Moreover, during his service on the International Association of Machinists’ labor relations committee, Mabry had “observed evidence of many ‘side agreements’ made by [business] agents and other members of the official family of the union . . . for the primary purpose of perpetuating segregation and racial discrimination.”2 Mabry thus believed that the union did not truly represent its members’ interests and was instead colluding with management to their detriment. According to Mabry, black workers believed that grievances regarding upgrades, transfers, and promotions were often mysteriously settled or dropped after going through the first couple of stages of the process.2 Elkins echoed Mabry’s charges, contending that there had been “indications of collusion” and that “there exists a general feeling of dissatisfaction among the Negroes at Lockheed in regards to the union and its relations with the Negro membership.”21

The segregated IAM local had been a source of frustration for Lockheed’s African American employees since at least the mid-1950s. Beginning in 1954, the IAM constitution prohibited the chartering of new segregated locals but allowed existing segregated locals to continue to operate as long as they did so on a “voluntary” basis. On October 13, 1957, the Atlanta Daily World had published an open letter from Alfred “Tup” Holmes, an African American union representative and activist who had previously sued the city of Atlanta to force the desegregation of its golf courses. Holmes explained that fifteen months earlier, seven black Lockheed employees had filed a complaint with the President’s Committee on Government Contracts alleging discrimination at the Marietta plant. The committee sent a team to investigate. “Sensing a whitewash,” Holmes wrote, he and his colleagues had asked the NAACP to monitor the investigation to “insure a complete and accurate appraisal of conditions at Lockheed.”22 After NAACP labor secretary Herbert Hill conferred with investigators and conducted his own inquiry, he met with black union members, probably in November 1956, and recommended that “to obtain complete equality,” the segregated local should disband and its members should join the existing all-white Lockheed IAM lodges.23 The members present voted unanimously to accept the recommendation.24 The vote must have been considered unofficial or advisory, however, and according to Holmes, several subsequent “efforts to secure an official vote have been unsuccessful because a few persons have apparently taken a stand ‘that we will not have representation if we merge, because our people will not go to union meetings.’”25 In Holmes’s view, “the real reason” for opposition to the merger was that it would “cause some members of the [black] local to lose positions, [along] with the doubtful prestige that goes with such jobs.”2 Although Holmes believed that the decision to create a separate local had been “well meaning . . . in the beginning,” the time for union integration had long since arrived.
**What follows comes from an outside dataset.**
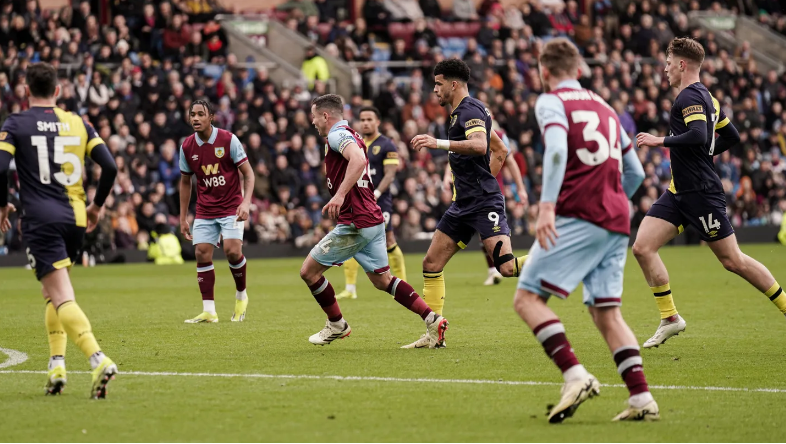Burnley vs AFC Bournemouth (20:00 – 03/03) | Xem lại trận đấu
Only if all workers were truly united could the union effectively represent their interests. Or as he proclaimed: “The reactionary forces of the State of Georgia could ask for no better support of segregation than to have a vote from us to continue” to operate segregated locals.2

On the same day that Holmes’s letter appeared, the members of the African American local again voted to disband. Nevertheless, the union’s District 33 executive committee, which included the presidents of the four white lodges and the black lodge, recommended against the merger. In addition, the executive committee recommended that the district fight “any force[d] merger” by appealing first to the union’s International Council and if need be to the National Convention, which would not meet again until 1960. In addition, delegates from one of the white lodges called for the attorney general of Georgia to be notified of the proposed “forced merger” and asked to rule on its legality vis-à-vis the state’s Jim Crow laws. Finally, according to Elkins, G. H. Andrews, the president of the black local, had met with district and company officials and “challenged the validity of the meeting” at which the black employees had voted in favor of the merger, causing “the majority of the membership to become discouraged. There was a growing feeling that the president of the local was working to perpetuate himself in office and was indifferent to the attitudes of the membership.” Attendance at meetings of the black local declined precipitously, making it impossible to achieve a quorum to take any further action, and the merger idea went no further. When Elkins, Mabry, and their compatriots filed their complaints in 1961, Lockheed’s IAM locals remained segregated.

Plans for Progress

Lockheed officials initially defended the Georgia division’s record over the previous decade and shifted blame toward prevailing social mores. According to a Georgia company official who was not named in either the Atlanta Constitution or the Atlanta Daily World,

The problem that is being faced today is not one that we brought to Georgia. It was a problem that was already here. Lockheed has very conscientiously and vigorously done everything humanly possible to comply in all regulations in the operation of this facility. We are quite proud of our record in dealing with our employees over the past 10 years . . . We recognize that there is more progress yet to be made, but . . . we believe we have made more progress than any individual employer in the South in providing for all its employees. We think that any objective look at the record will show how well we have done.26

By alluding to the “problem that was already here,” Lockheed came close to stating publicly that although it had found local customs distasteful, it had been forced to engage in a delicate balancing act, following custom as far as possible while trying to provide opportunity for all its employees, implicitly including black workers. As such, Lockheed’s Georgia-based management ultimately believed that the NAACP had unfairly targeted the company even though many other firms were far more deserving of the bad publicity and stockholder heartburn that resulted from the controversy. Yet the frustrations of African Americans at Lockheed were real and of long standing, as Mattison and some of his colleagues increasingly realized.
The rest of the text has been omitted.